Driving from Udaipur north and west on tiny roads through the Aravalli hills is captivating. Each village brings fresh surprises and not always pleasant. This is real, hard, grinding life that hasn’t changed in forever. The caste system has not disappeared (or the many many categories of sub-castes) and if your father is a goatherd, you can pretty much plan on this as your life path – identified by your dress and color of your turban. All of these pictures that show faces were taken with permission, and most people were as curious about us as we were about them. The gentleman above sitting on the wall tried several different poses until he was happy with the picture. I always showed people their picture on my iPhone and they were often stunned to see themselves.
The things they carry. And most of these heavy things are carried by women.
…Except for this large bear of a man who grinned madly from beneath his huge load of kindling or roof thatch (hard to tell which).
This woman was carrying a bowl of cow dung which she was making into dung patties (dried and used for dung fires). After a few pictures she insisted that she put the pan down and wipe her hands. She was much happier with this result.
This woman and child may have been from a nomadic family (gypsies perhaps – or some sub-caste?) who live in pretty appalling conditions on the outskirts of town. I couldn’t get straight answers about their status. No matter who you are, women wear all their jewelry all the time.
This grandfather (or father — it’s hard to tell) was delighted to have his picture taken. After I showed this to him he insisted that he put on his turban. The result is below. (I couldn’t get the gorgeous kids to smile – no way no how.)
This young man wanted his picture taken as well. The kids especially seemed to think that having one’s picture taken was really serious business. No smiling allowed.
At the well. Too busy to take a break. Throughout Rajasthan women wear red.
A very serious mother and child near the well (above). As I was trying to make silly faces with the child I noticed a louse crawl down her forehead.
At a government rationing distribution center. Anyone with less than a certain income is entitled to specific amounts of basic food (rice, flour) per month according to the number of people in their household. It’s mostly women who haul the sacks home on their heads – which they manage with great grace.
She might walk for miles along the side of the road to get home with thatch for her roof.
Lunch!
Moving out of the Aravalli hills and into the plains of central Rajasthan, red morphs to pink for many of the women. If you are married your face is covered, or half-covered with a veil.
This is about as big a smile as I could get.
This mother (or grandmother) escorts her daughter through town demonstrating her ability to sharpen and sell tools which the child carries on a frying pan on her head. Note the numerous white bracelets on the upper arms = a married woman.
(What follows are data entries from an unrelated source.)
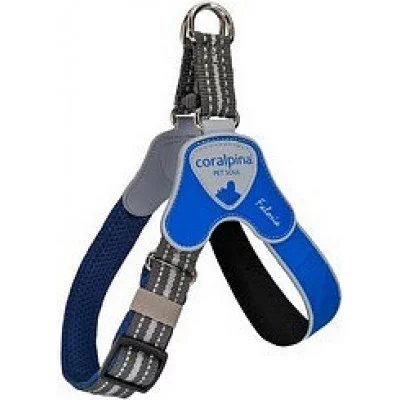 Шлея FALORIA з регулюванням, блакитний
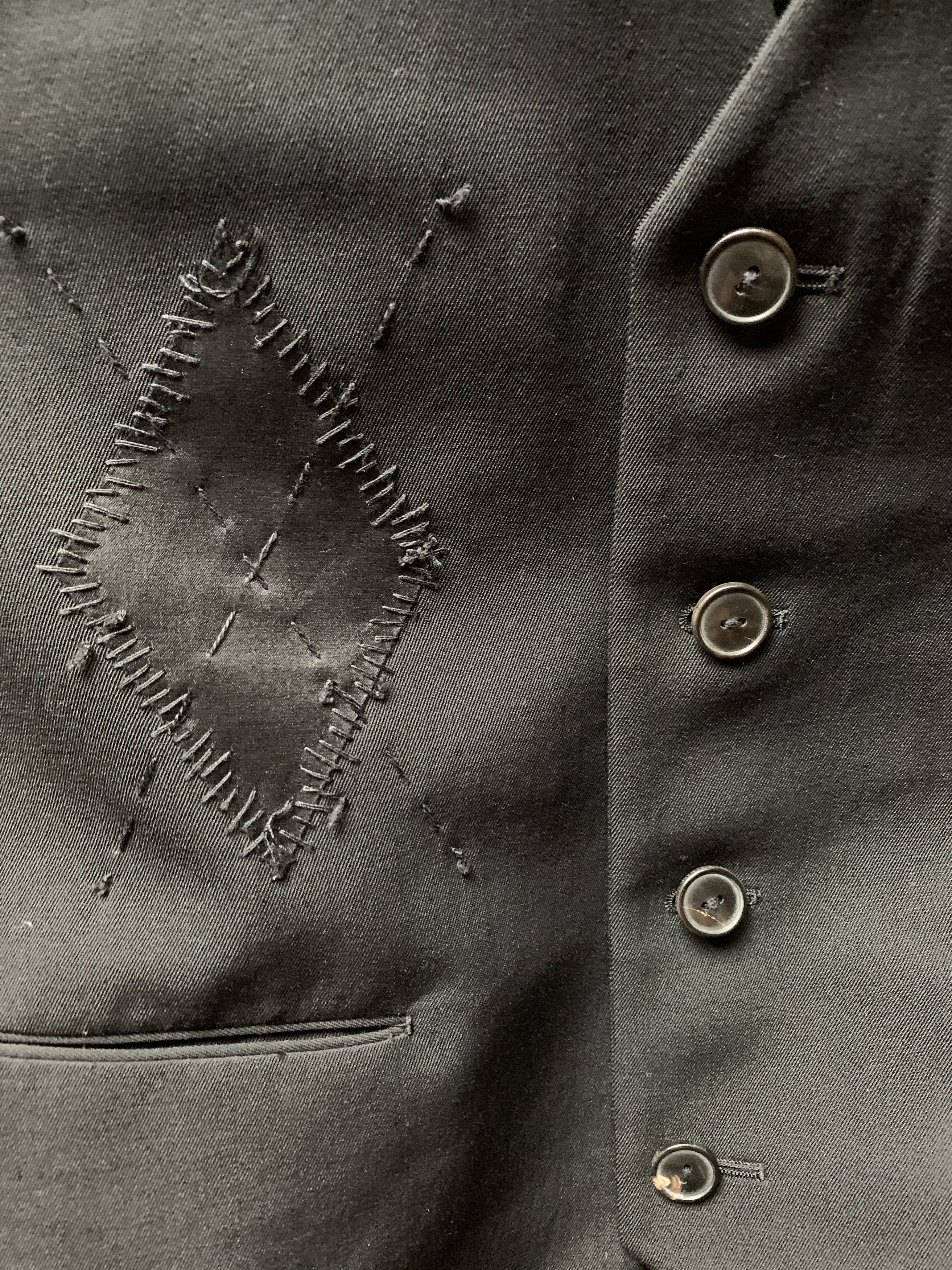 Number (N)ine NUMBER NINE ( Number (N)ine) VEST -NEW!! SIZE-JP.2 Size US S / EU 44-46 / 1 - 4 Thumbnail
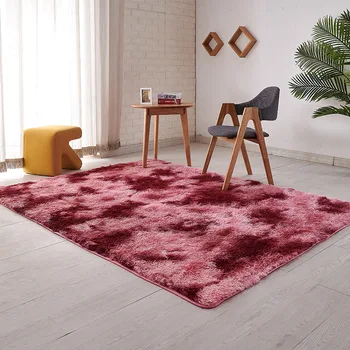 

Big Size Carpet Plush Soft Carpets For Living Room Bedroom Absorption Water Carpet Rugs Anti-slip Bedroom Mats Floor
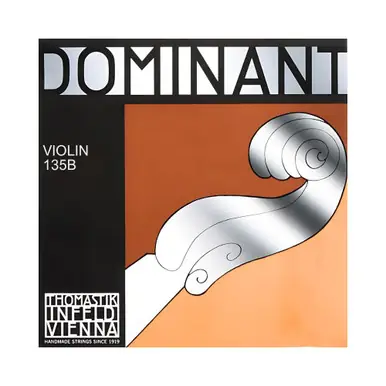 Heid Music | Thomastik Dominant 135B String Set - 4/4 Violin - Steel E - Ball End Best Seller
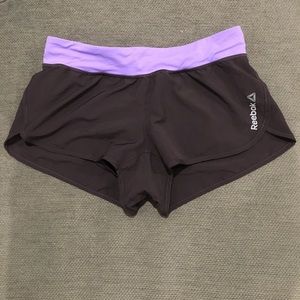 Reebok running shorts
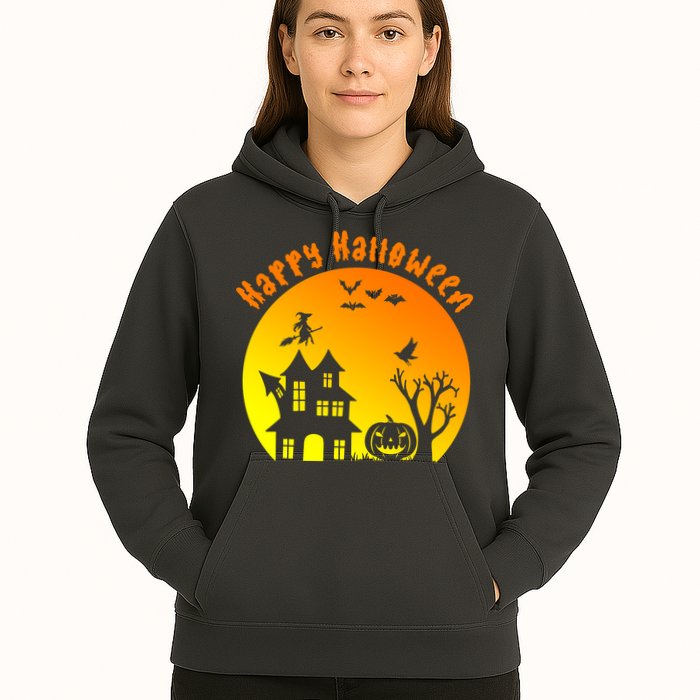 Happy Halloween Festive Spooky Hoodie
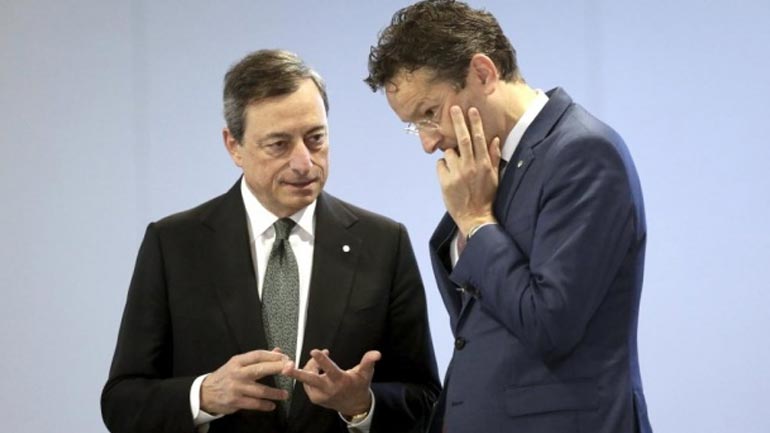 Ντράγκι: Όχι σε εκταμίευση μέρους της δόσης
Not clear if you can ever take them off as they follow a specific pattern according to the shape of the upper arm.
This family was visiting the shrine/temple in memory of “Bullet Baba” – a young man killed in a motorbike accident. The bike mysteriously kept returning from the police headquarters to the very site of the accident and this inspired the creation of a temple with the bike as its centerpiece. People come from all over praying for good luck in a road trip and offering bottles of whiskey to the “god” and small nips to each other. (Because that’s just what you need when embarking on a road trip.)
If I were a scout for a modeling agency I would snap this young lady right up. She’s a natural!
In the Bishnoi villages near Rohet, south of Jodhpur, large family units live together “off the grid” in simple houses with dirt floors and thatched rooves, no electricity. The married women wear enormous nose rings which almost cover their mouths.
Preparing opium tea for a tea ceremony in a Brahmin home near the village of Rohet. Very serious business and usually no women are allowed. No opium tea was consumed by us as the idea of drinking out of someone’s cupped palm lowered the appeal.
Three cool dudes in a Bishnoi village.
The matriarch with her many bracelets and enormous nose-ring.
Finally, a smile! One of the granddaughters in the Bishnoi village.